I would have like to comment on another question but my account is too recent / not much used.
My question is really totally the same as the original one:
How and when does ktpass set the salt?
In my case this was specifically when setting up SSO for SAP HANA database (on Linux).
A SAP Note with a detailed PDF attachment does make it possible to make things work according to which methods you use to generate the keytab, but not in all cases...
Basically, if you follow the document but generate the keytab yourself on Linux with KTUTIL command it does not work because the SALT on AD side if for the AD user not for the SPN: KTUTIL uses the SALT based on the key that you create: "hdb/FQDN_HANA_SERVER", which is wrong. I got around this using the option to specify the SALT in the "add_entry" command of KTUTIL.
As the poster from 2016 I now understand things well enough how to make SSO work: to make this work without specifying the SALT in KTUTIL I had to make AD administrators run the KTPASS on Windows side to (temporarily) update the UPN.
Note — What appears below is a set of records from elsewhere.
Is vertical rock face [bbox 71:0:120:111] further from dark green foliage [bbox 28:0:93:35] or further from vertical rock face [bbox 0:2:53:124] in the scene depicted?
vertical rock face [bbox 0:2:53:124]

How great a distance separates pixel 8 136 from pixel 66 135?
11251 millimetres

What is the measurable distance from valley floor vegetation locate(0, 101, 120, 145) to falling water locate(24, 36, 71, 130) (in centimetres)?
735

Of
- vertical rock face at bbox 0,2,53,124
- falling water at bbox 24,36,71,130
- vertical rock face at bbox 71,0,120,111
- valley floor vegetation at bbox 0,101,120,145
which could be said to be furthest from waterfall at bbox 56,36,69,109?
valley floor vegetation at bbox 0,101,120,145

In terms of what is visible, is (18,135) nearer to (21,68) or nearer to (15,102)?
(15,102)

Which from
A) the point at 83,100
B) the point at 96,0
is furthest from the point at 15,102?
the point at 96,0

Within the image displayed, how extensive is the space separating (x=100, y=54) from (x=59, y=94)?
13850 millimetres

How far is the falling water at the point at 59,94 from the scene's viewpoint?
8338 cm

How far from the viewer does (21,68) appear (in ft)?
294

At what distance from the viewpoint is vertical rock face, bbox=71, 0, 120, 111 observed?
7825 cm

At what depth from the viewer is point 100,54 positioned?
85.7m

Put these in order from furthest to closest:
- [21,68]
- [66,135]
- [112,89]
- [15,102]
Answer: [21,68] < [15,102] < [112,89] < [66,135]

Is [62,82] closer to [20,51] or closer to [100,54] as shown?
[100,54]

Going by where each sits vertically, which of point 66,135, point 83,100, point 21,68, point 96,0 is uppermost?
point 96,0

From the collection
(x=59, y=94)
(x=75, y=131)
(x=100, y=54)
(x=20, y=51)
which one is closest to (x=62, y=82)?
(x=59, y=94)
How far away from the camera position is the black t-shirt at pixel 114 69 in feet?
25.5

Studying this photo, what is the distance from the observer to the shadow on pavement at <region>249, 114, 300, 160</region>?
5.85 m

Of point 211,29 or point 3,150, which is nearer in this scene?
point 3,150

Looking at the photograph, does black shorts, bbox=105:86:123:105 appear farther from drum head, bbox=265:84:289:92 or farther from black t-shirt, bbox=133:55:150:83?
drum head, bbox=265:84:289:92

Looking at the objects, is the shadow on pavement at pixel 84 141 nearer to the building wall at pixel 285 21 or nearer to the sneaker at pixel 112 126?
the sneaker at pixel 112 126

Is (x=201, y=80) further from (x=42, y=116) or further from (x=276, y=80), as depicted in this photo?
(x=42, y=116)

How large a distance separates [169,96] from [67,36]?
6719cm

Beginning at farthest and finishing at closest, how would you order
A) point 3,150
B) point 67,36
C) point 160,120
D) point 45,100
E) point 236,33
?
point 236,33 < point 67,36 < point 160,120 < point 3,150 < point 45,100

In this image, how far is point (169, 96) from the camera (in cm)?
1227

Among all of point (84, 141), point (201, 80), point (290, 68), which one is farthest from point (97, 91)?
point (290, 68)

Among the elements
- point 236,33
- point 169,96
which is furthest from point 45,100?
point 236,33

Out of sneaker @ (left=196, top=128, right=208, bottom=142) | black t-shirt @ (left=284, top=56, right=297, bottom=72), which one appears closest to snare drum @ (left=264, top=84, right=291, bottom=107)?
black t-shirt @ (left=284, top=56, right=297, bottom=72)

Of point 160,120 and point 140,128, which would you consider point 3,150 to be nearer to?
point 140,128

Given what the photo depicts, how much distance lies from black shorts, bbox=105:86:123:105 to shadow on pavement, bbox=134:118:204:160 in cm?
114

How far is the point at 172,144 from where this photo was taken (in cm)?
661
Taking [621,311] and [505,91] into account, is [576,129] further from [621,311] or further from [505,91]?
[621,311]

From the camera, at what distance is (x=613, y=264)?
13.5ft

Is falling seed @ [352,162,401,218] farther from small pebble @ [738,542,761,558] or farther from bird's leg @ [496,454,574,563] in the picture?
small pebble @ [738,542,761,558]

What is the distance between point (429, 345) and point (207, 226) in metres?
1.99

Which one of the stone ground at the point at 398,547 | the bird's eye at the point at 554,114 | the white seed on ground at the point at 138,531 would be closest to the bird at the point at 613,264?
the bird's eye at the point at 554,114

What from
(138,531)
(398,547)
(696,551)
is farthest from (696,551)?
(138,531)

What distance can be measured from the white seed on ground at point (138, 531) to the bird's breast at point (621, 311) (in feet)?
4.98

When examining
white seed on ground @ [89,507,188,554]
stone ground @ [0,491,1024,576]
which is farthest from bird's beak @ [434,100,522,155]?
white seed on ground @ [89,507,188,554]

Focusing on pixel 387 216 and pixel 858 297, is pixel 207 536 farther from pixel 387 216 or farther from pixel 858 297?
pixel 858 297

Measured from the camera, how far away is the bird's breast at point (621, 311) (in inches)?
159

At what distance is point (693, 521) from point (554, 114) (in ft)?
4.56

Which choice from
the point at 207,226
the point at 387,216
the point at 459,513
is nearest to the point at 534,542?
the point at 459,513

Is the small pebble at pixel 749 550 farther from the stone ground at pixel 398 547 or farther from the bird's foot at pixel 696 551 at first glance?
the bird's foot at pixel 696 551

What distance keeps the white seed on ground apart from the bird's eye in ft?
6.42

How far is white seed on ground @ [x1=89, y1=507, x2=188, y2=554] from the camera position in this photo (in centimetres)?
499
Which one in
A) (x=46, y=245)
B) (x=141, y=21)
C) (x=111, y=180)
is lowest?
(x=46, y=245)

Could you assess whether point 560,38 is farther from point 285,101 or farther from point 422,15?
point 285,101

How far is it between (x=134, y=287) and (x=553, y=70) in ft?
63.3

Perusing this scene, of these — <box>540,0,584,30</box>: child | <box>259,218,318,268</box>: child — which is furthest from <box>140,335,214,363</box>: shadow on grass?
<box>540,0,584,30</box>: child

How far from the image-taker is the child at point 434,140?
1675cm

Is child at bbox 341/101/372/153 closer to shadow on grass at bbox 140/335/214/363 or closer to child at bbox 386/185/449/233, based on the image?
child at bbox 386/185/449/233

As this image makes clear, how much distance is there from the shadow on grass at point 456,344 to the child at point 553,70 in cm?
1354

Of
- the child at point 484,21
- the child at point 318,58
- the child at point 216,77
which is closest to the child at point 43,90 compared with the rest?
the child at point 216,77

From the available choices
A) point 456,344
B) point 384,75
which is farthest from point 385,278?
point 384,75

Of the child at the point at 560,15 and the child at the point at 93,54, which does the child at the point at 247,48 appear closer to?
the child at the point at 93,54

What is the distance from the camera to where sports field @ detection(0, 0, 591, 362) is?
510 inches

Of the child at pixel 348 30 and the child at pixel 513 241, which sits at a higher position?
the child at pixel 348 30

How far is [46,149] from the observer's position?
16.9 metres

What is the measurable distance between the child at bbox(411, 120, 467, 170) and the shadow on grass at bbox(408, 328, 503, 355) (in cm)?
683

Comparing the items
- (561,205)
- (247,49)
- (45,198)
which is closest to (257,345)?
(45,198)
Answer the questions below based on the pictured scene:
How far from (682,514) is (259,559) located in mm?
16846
But the main thing that still annoys me is that a manual change to the UPN does not cause a change in the SALT used when generating a ticket via kinit. For some reason (audit I think) AD administrators do not want us to keep the UPN corresponding to the SPN (which for SAP HANA is "hdb/FQDN_HANA_SERVER").
As said in the original post: when you change the UPN manually the SALT remains the one used when you updated the UPN via KTPASS. But where is this SALT stored? Will it be valid "forever"? Clearly we do not want the SALT to suddenly change. I guess it only changes when you run KTPASS; so, probably nothing to worry about other than for understanding how things work.
Best regards, Frank Olsen
I expected that there was a clear documentation for how the SALT is stored and used in AD.